いずれにしても、我々は「海そのもの」に住むことはできないけども「海」との関わりは強く意識し、「憧れ」や「畏れ」を抱いてきたということが、「海」というものを考えるうえで重要だということは言えるだろうと思います。
この曲については「海の男たちの歌」という謎の邦題が普及しているという現象があります。 曲の内容から考えても原題の文法的解釈から考えても滅茶苦茶なんですが、どこからこの変な邦題が発生したのか、よく解りませんでした。
「3つの歌」で構成されているという曲の内容からすれば原題で「songs」が複数形になっているのは当然ですし、「sailor」を単数にしているのは「sea」との対比という意味もあるのでしょう(集合名詞として単数で使われる場合もあるようです)。 また、「3つの歌」には「海の男」とは直接には関係しない「海そのもの」(具体的には鯨)の歌も含まれます。 「海の男(船乗り)」と「海」が対比されているのが本質なのです。
ところでこの「sailor」という言葉は「船乗り」「水夫」「水兵」「船員」などと訳されますが、要するに船の運航に関わる仕事に携わる人のことです。 客船の乗客は含まれませんし、船の運航を指揮する「officer」(航海士、士官)も「sailor」には含めずに対比的に使うことが多いようです。
「sailor」というと「セーラー服」を連想する人が多いかもしれません。 女学生の制服というイメージがありますが、本来は混乱する戦場で味方の水兵を識別するための制服で、水兵としての職務を前提とした実用本位の服装です。 大きなカラーは風の音が強い中で声が聞き取りやすいように立てて使うためのものですし、首周りの開放的なデザインやスカーフは海に転落したときの緊急対処を想定しています。
元々海軍の軍服であるセーラー服ですが、子供服に使うと可愛いということで流行したようです。 女学生の制服に使ったのは1つにはその流れもあるのですが、兵隊の格好をさせておけば不埒な者が欲情するのを抑制できるだろうという考えもあったようです。 しかし実際にはセーラー服自体が欲情の対象として一般的になってしまいました。 世の中、なかなか巧くはいかないものです。
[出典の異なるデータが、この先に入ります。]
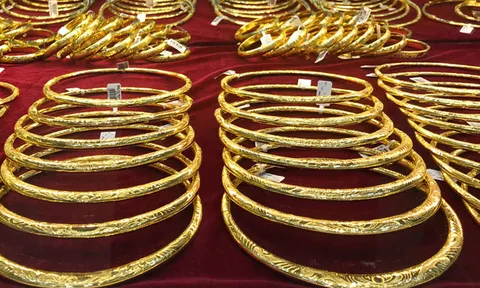 Giá vàng đảo chiều tăng 200.000 đồng/lượng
まず「マゼラン」という名前ですが、最近は世界史の教科書でも「マガリャンイス(マゼラン)」という表記が増えてきました。 人名はその当人の母国語に準拠した発音で表記するべきという考え方に基づくものです。 出身のポルトガルではMagalhães、隣のスペインではMagallanesと綴るのですが、それ以外の地域ではMagellanという綴りが圧倒的優勢で、その英語読みに基づく「マゼラン」(マジェランと書くほうが英語の発音に近いかも)が使われているわけです。
尤も「マガリャンイス」という表記にも相当な無理があります。 元々カタカナでは表現しきれない発音なので、特に最後の「ンイス」の部分はカタカナとして素直に読んでも元のポルトガル語と同じには聞こえません。 むしろスペイン語名のカタカナ表記「マガリャネス」の方が元のポルトガル語に近く聞こえるかもしれません。
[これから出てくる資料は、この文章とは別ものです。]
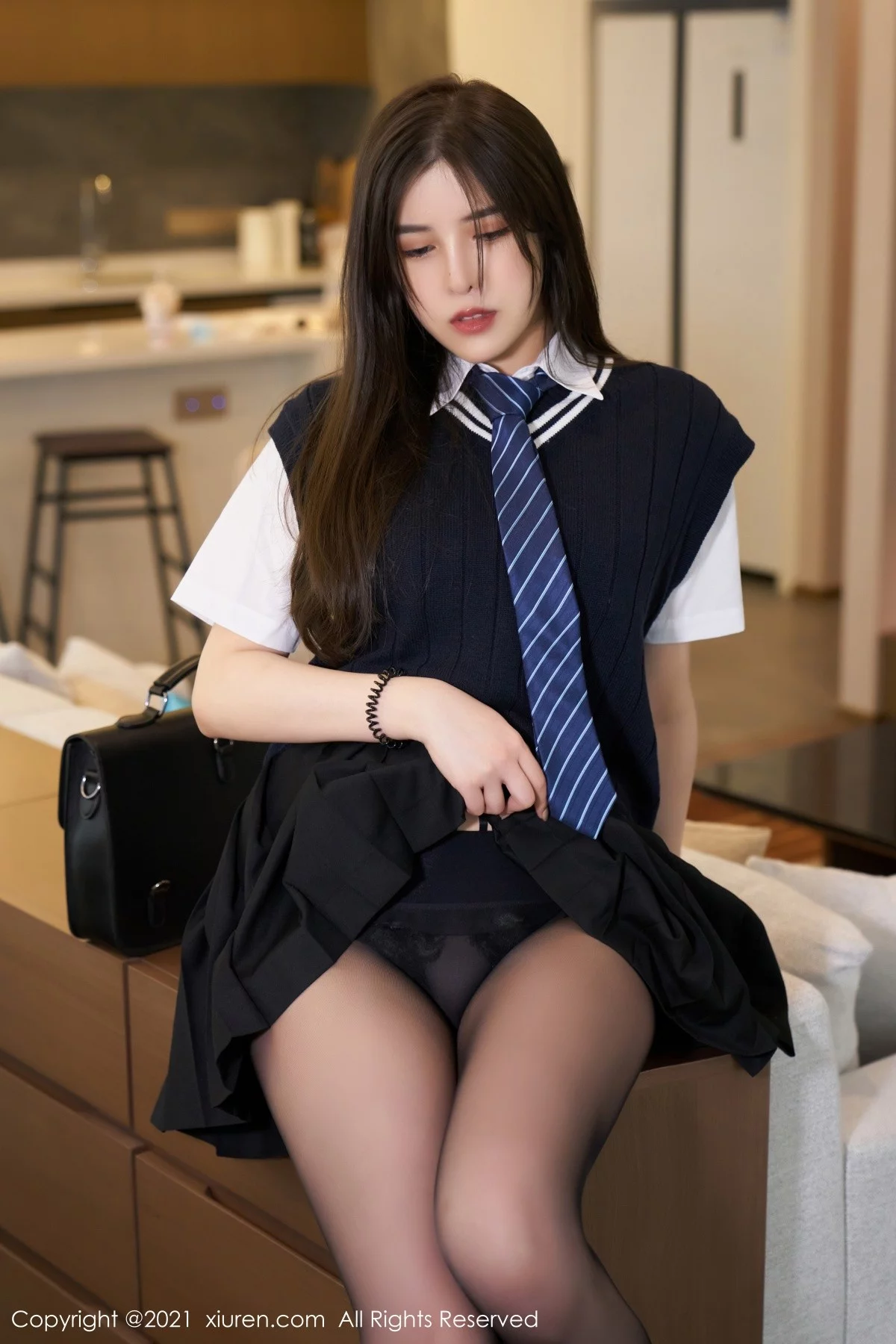 模特韩静安清纯学院制服半脱露超薄黑丝裤袜秀翘臀撩人诱惑写真66P-第1章-图片2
マゼランは大航海時代の代表的な人物の1人として知られています。 この「大航海時代」という用語は例えば英語ではAge of Discovery(大発見時代)あるいはAge of Exploration(大探検時代)ですが、この表現はヨーロッパ人の視点に偏っているとして、それに代わる表現として1960年代に日本人が考え出したようです。 最近は「航海」していたのは専らヨーロッパ人なので「大航海」でもヨーロッパ中心史観から逃れられていないということで「大交易時代」という呼び方も広まっているようです。
大航海時代は、ヨーロッパ西端のポルトガルやスペインがベネチアやイスラム諸国の既得権を逃れた交易ルートを求めて海上に乗り出した時代だと言えます。 重要な目的地の1つに香料諸島と呼ばれたモルッカがあり、インド洋経由の航路はポルトガルの既得権になりました。 マゼランは権益を確保したいスペインの意向を受けて太平洋経由の航路を開拓しようとしたわけで、世界一周が主目的ではありません。 この航路開拓という意味では太平洋が予想より遥かに広く失敗だったわけですが、結果的に艦隊が世界一周を成し遂げたことが後世に与える影響としては極めて大きかったわけです。
Wikipedia「フェルディナンド・マゼラン」「大航海時代」
「世界中の海」という意味で「7つの海」という表現がよく使われます。 「7つの海を股にかけて」「7つの海を越えて」「7つの海を渡る」などなど、枚挙に暇がありません。 ではこの「7つの海」というのは具体的にどこかということで、実際に列挙している例をよく見かけますが、これは「後からのコジツケ」に過ぎません。 「7つ」という数が先に決まっていて、それに合うように選んでいるので、当然ながら種々の流儀があります。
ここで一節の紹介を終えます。